Background technology
Phosphate cement, to utilize alkaline earth metal oxide and phosphoric acid or acid phosphate generation chemical reaction and a kind of material system with gelling of obtaining, what research was comparatively ripe is magnesium phosphate cement, be called again Chemical bond trimagnesium phosphate pottery, conventionally by the acid phosphates such as primary ammonium phosphate, potassium primary phosphate, magnesia powder, retardant and adulterant etc., be prepared from, under aqueous media, can react fast to form has similar ceramic body structure; There is high-strength, fast solidifying, anti-salt frost resistance, wear resistance and and the premium propertiess such as acid corrosion are suitable for the Rapid-Repairs such as road, airport, High Temperature Furnaces Heating Apparatus.

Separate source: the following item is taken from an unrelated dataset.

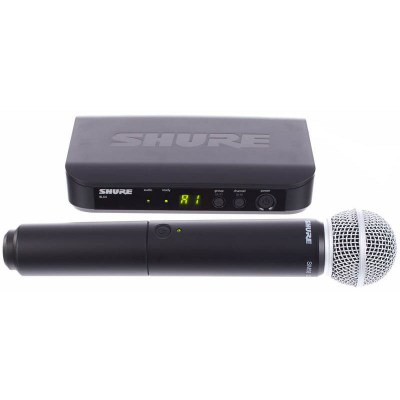 SHURE BLX24E/SM58 M17 вокальная радиосистема в Кропоткине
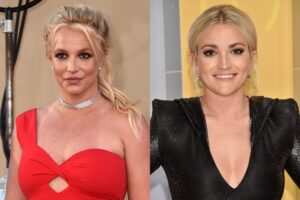 Britney Spears visits Jamie Lynn Spears on 'Zoey 102' set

Its main raw material of preparation for magnesium phosphate cement is magnesium oxide, cost is higher, in addition in order to control magnesian reactive behavior with its setting rate that slows down, conventionally must use the dead burned magnesia through 1200 ℃ of high-temperature calcinations, energy consumption is very high, even so, its setting time is still difficult to effective control, workability is poor, material thermal discharge is high, be unfavorable for high temperature and large-area construction, therefore in order to reach suitable setting rate, also need to add a certain amount of borate family retardant, cause whole preparation process high cost, seriously restricted applying of this type of gelling material.If can find a kind of cheap raw material substitution magnesium oxide that is rich in alkaline earth metal oxide, both can reduce the preparation cost of this type of material, can realize solid waste resource recovery again, there is certain environmental benefit and social benefit, the exploitation of this type of technology, will widen market and the application prospect of phosphate system gelling material largely.
Summary of the invention
The object of the invention is to utilize be rich in ferriferous oxide waste residue, other industrial residue is raw material, reacting preparation setting rate iron moderate, high-strength, stable long-term strength with acid phosphate is phosphate cement, this iron is that the following raw material that phosphate cement is 1~100 μ m by granularity is made, each raw material and content thereof are: acid phosphate 100 weight parts, be rich in ferriferous oxide waste residue 400-800 weight part, adjust gel material 3-6 weight part, other industrial residue 10-30 weight part, water 15-200 weight part.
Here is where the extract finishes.